## ASSIGNED TASK:
I would like the entries transcribed word for word, please, with the pictures removed.

Source data:
------------------------------------------------
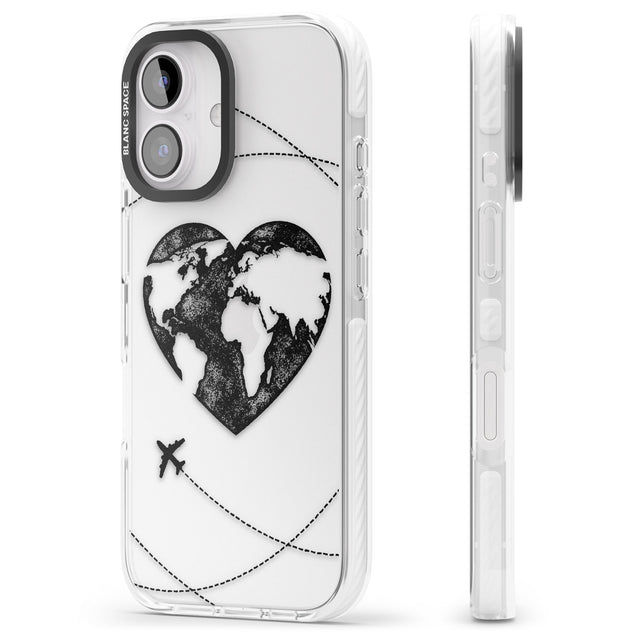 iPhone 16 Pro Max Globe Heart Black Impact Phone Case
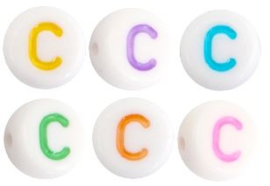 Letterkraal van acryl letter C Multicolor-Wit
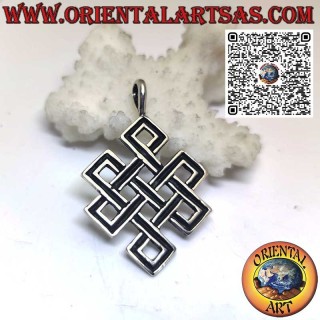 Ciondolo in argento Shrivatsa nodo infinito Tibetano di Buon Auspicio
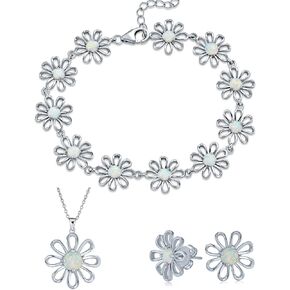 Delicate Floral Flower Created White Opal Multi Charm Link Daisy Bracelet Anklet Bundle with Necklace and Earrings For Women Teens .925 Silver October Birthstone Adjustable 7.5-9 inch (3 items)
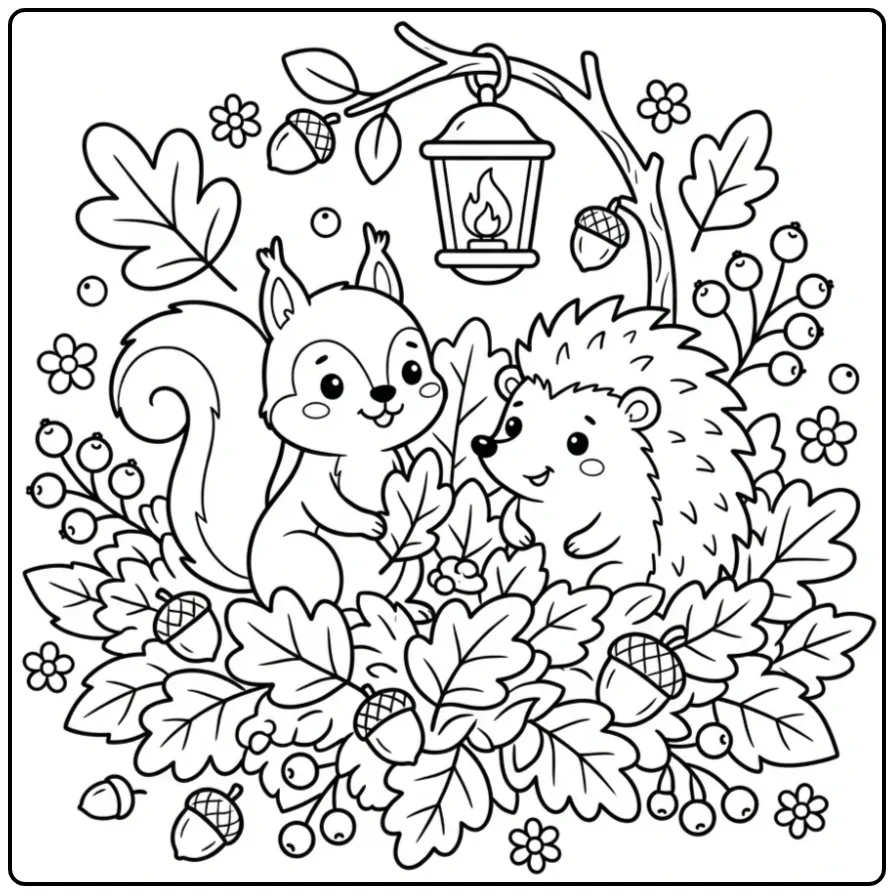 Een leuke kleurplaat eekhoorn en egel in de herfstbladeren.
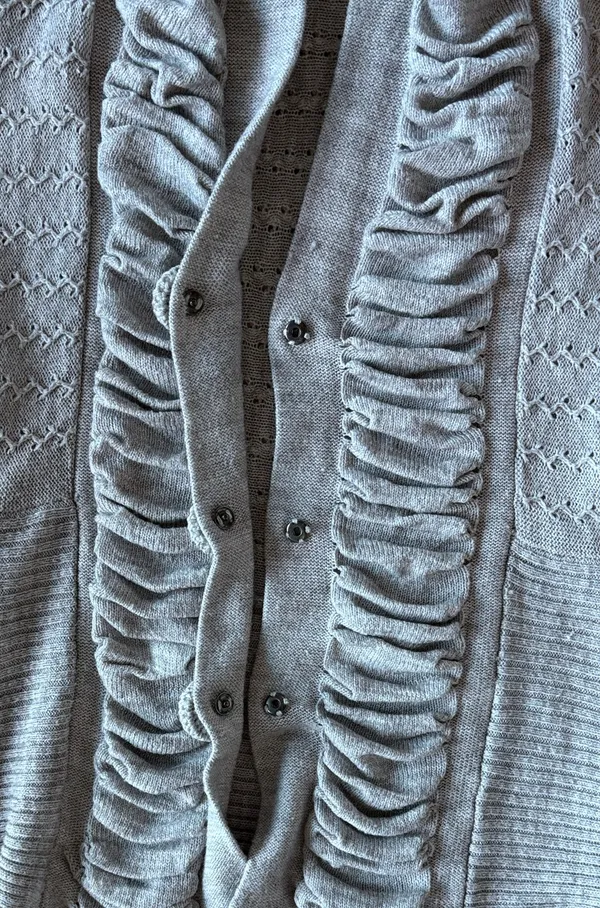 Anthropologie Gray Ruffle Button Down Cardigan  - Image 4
------------------------------------------------
## COMPLETED TASK:
 iPhone 16 Pro Max Globe Heart Black Impact Phone Case
 Letterkraal van acryl letter C Multicolor-Wit
 Ciondolo in argento Shrivatsa nodo infinito Tibetano di Buon Auspicio
 Delicate Floral Flower Created White Opal Multi Charm Link Daisy Bracelet Anklet Bundle with Necklace and Earrings For Women Teens .925 Silver October Birthstone Adjustable 7.5-9 inch (3 items)
 Een leuke kleurplaat eekhoorn en egel in de herfstbladeren.
 Anthropologie Gray Ruffle Button Down Cardigan  - Image 4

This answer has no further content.